• [Information provided]
● ● ● ●

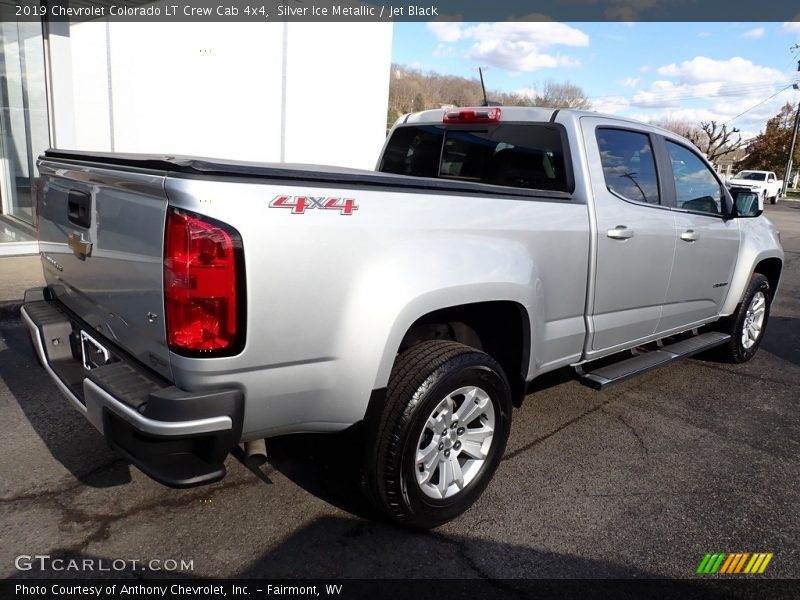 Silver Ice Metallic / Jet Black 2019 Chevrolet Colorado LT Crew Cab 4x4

● ● ● ●

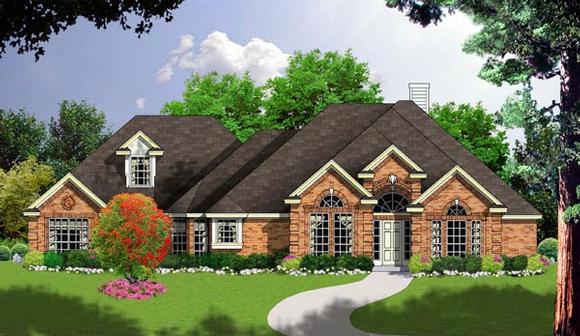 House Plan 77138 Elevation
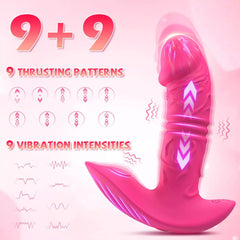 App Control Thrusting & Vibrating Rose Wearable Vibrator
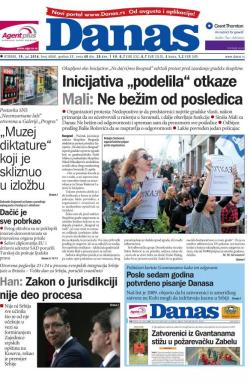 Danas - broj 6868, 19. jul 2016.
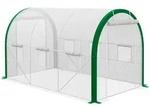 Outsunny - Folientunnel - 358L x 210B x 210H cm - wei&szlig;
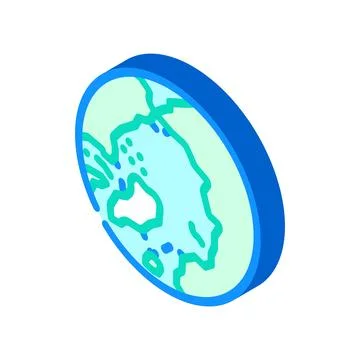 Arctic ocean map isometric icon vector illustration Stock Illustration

● ● ● ●

• [Exercise aim] Please return the data above exactly as it stands from the line with "App Control Thrusting" to the line with "Arctic ocean map", keeping both of those lines but none of the pictures.

• [Result for this task]
 App Control Thrusting & Vibrating Rose Wearable Vibrator
 Danas - broj 6868, 19. jul 2016.
 Outsunny - Folientunnel - 358L x 210B x 210H cm - wei&szlig;
 Arctic ocean map isometric icon vector illustration Stock Illustration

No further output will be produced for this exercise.